The new study, led by Prof. Patrick Irwin, Department of Physics, University of Oxford, suggests that a layer of haze that exists on both Neptune and Uranus is behind the different hues of blue. Without haze in the atmospheres of the two planets, both would appear almost identically blue.
How does it work?
Three haze layers at different heights in the atmospheres of each planet were examined by the research team. The middle layer of haze particles, just above the methane condensation level, which affects the visible color of the two planets, is found to be thicker on Uranus than on Neptune.
"This is the first model to simultaneously fit observations of reflected sunlight from ultraviolet to near-infrared wavelengths," explained Irwin, lead author of the paper published in the Journal of Geophysical Research: Planets. "It’s also the first to explain the difference in visible color between Uranus and Neptune."
Methane ice condenses on the particles in the middle layer, forming a shower of methane snow that pulls the haze particles deeper into the atmosphere on both planets, where they can then promote the condensation of hydrogen sulphide ice, forming a separate, deeper layer of haze.
In comparison, excess haze on Uranus builds up in the planet’s stagnant, sluggish atmosphere, giving it a lighter blue tone.
Neptune, in turn, has a more active, turbulent atmosphere, suggesting that its atmosphere is more efficient at churning up gaseous methane into the haze layer where it can condense on the haze particles and produce this snow. This action removes more of the haze and keeps Neptune’s haze layer thinner, making it appear bluer than Uranus.

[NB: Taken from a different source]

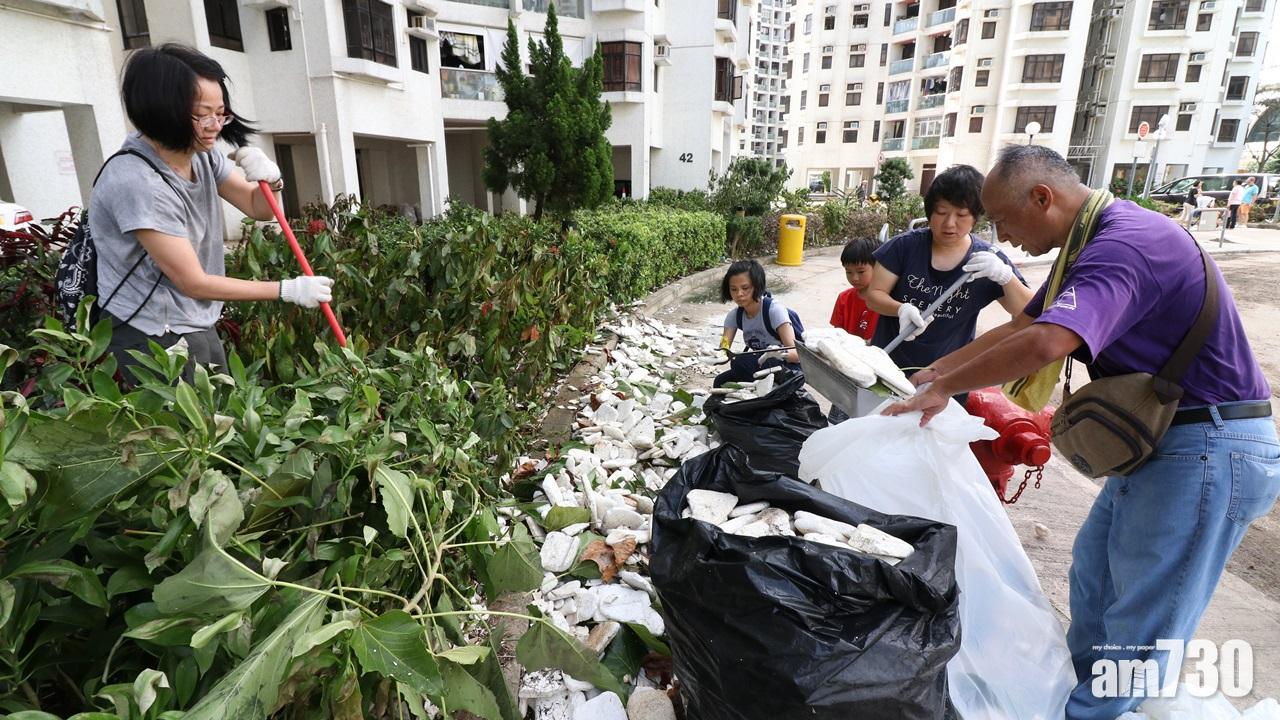 颱風天鴿回顧,杏花邨(陳奕釗攝)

"We hoped that developing this model would help us understand clouds and hazes in the ice giant atmospheres," said Dr. Mike Wong, an astronomer at the University of California, Berkeley, and a member of the team behind this result. "Explaining the difference in color between Uranus and Neptune was an unexpected bonus!"
"Explaining the difference in color between Uranus and Neptune was an unexpected bonus."